Roy argues the massive reconciliation deal does not reduce deficit spending enough, particularly with respect to Medicaid and clean energy tax credits.
When asked whether lawmakers were approaching an agreement, Roy said “Not sure. We’re still talking. We’ve had literally like five meetings today already.”
Thune predictions
The House passing the package this week would only be one of many steps in the long, winding process.
Senate Majority Leader John Thune, R-S.D., said during a press conference Tuesday afternoon, just after Johnson spoke during a closed-door lunch, that changes to the package are expected in the upper chamber.
Thune said one of the major questions for GOP senators is whether the legislation holds “sufficient spending reforms to get us on a more sustainable fiscal path.”
“I think most of our members are in favor of a lot of the tax policy and particularly those portions of the tax policy that are stimulative, that are pro-growth, that will create greater growth in the economy,” Thune said. “But when it comes to the spending side of the equation: This is a unique moment in time and in history where we have the House and the Senate and the White House, and an opportunity to do something meaningful about government spending.”

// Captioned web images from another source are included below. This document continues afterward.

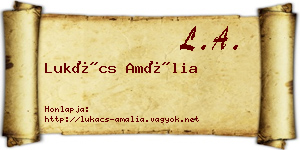 Lukács Amália névjegykártya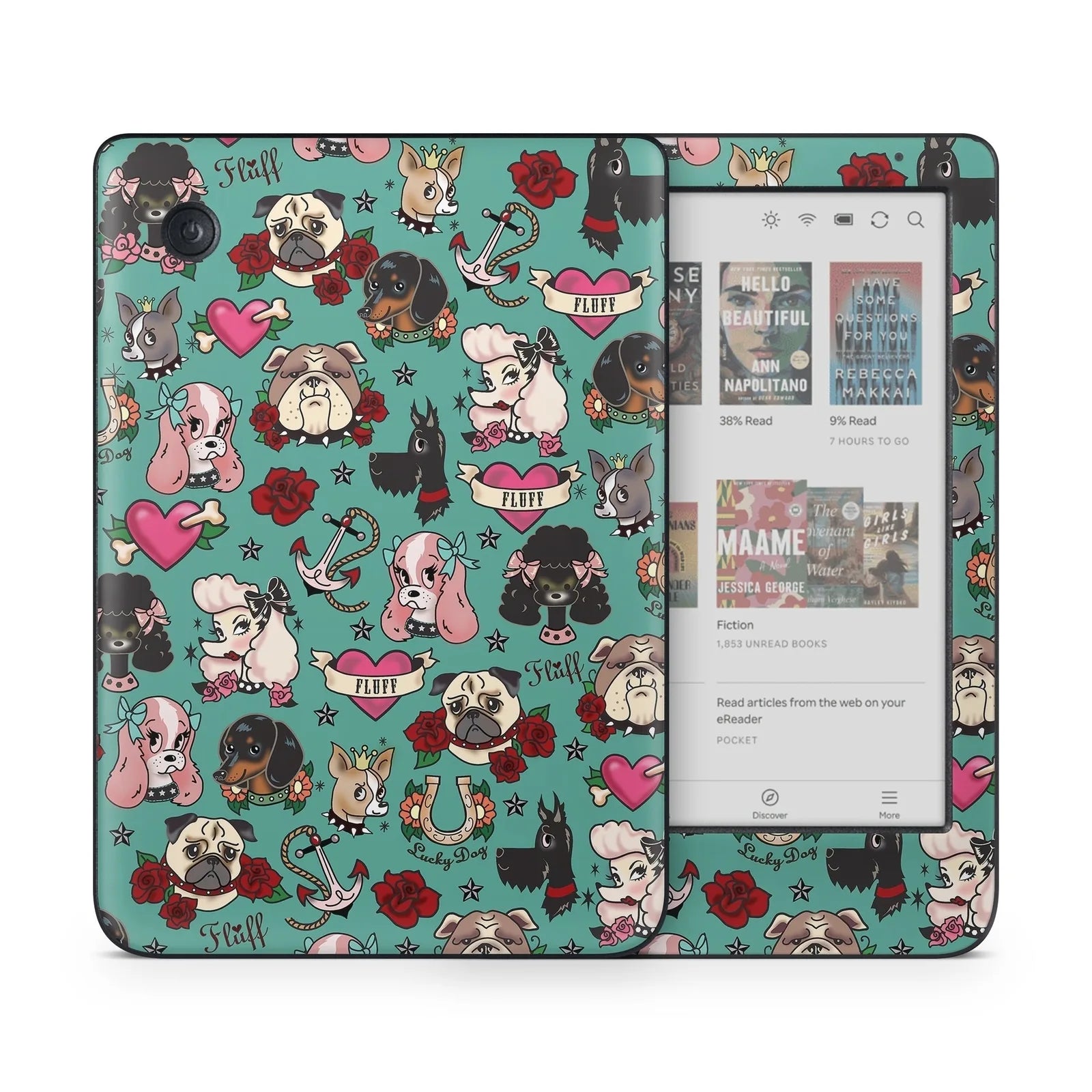 Colorful tattoo dog design skin for Kobo Clara Colour tablet, featuring playful dogs, hearts, roses, and anchors.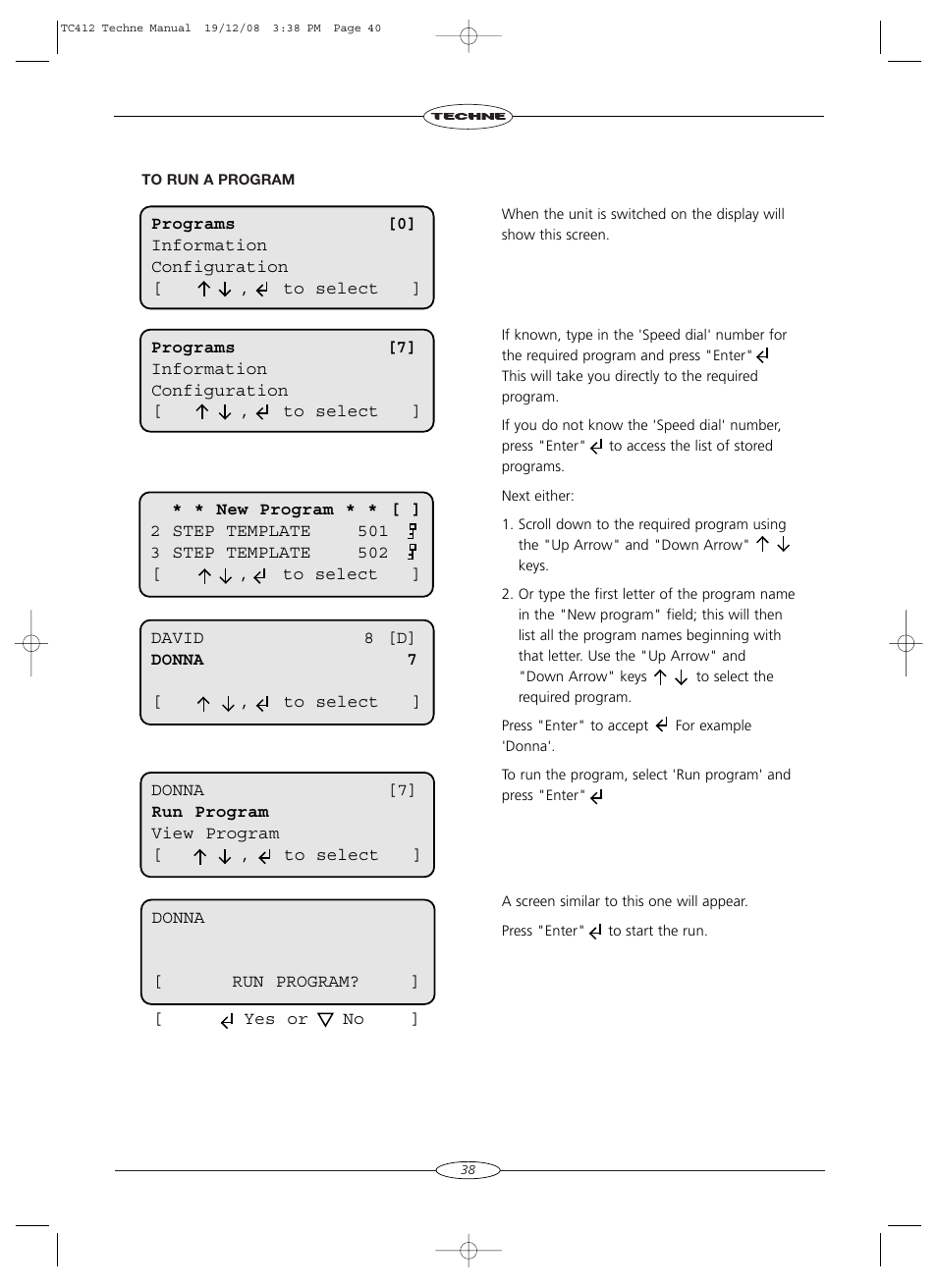 Techne TC-412 User Manual | Page 40 / 52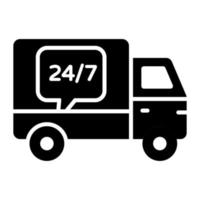 An amazing icon of 24 hour delivery service van in editable style vector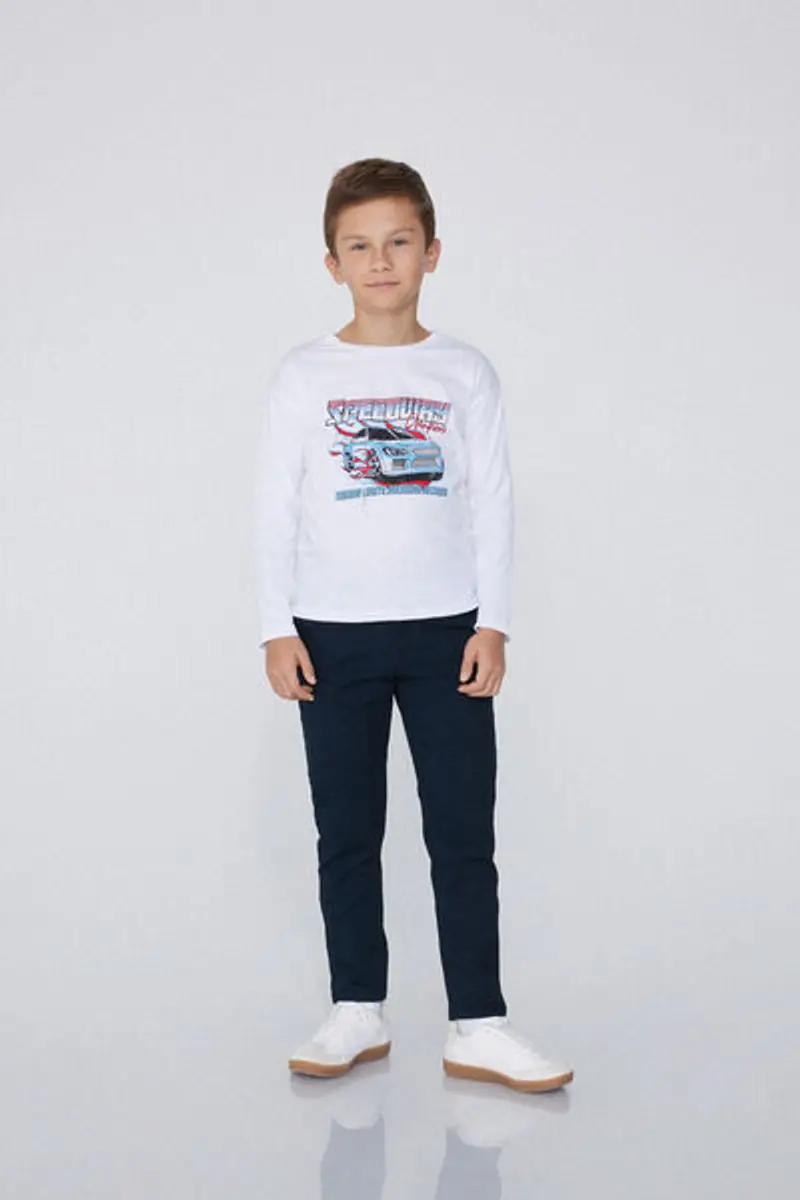 Tezenis Pantaloni Chino in Cotone Elasticizzato Bambino Blu Taglia 10-11 miniatura 2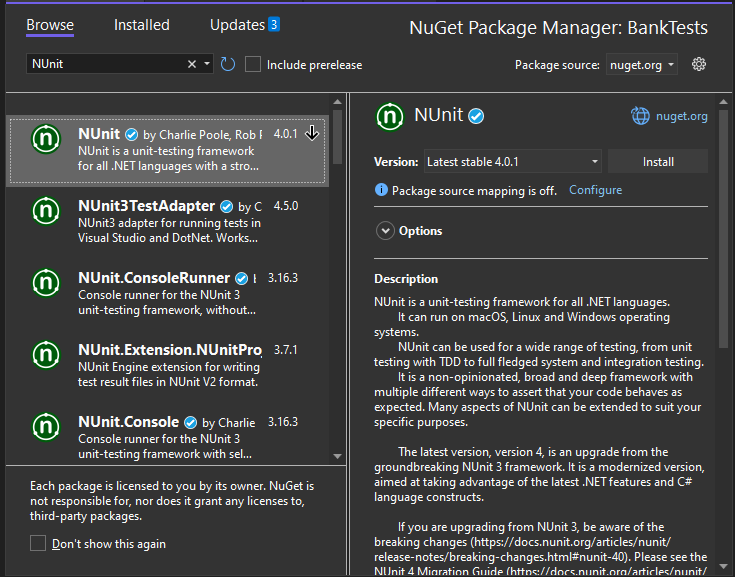 Screenshot di Gestione Pacchetti NuGet in Visual Studio 2022.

Thune said that GOP senators would likely make “tweaks” to the tax provisions once the House sends over a package, especially around how long certain tax policy lasts.
“They have cliffs and some shorter-term timeframes when it comes to some of the tax policies,” Thune said. “We believe that permanence is the way to create economic certainty and thereby attract and incentive capital investment in this country that creates those good-paying jobs, and gets our economy growing and expanding, and generates more government revenue.”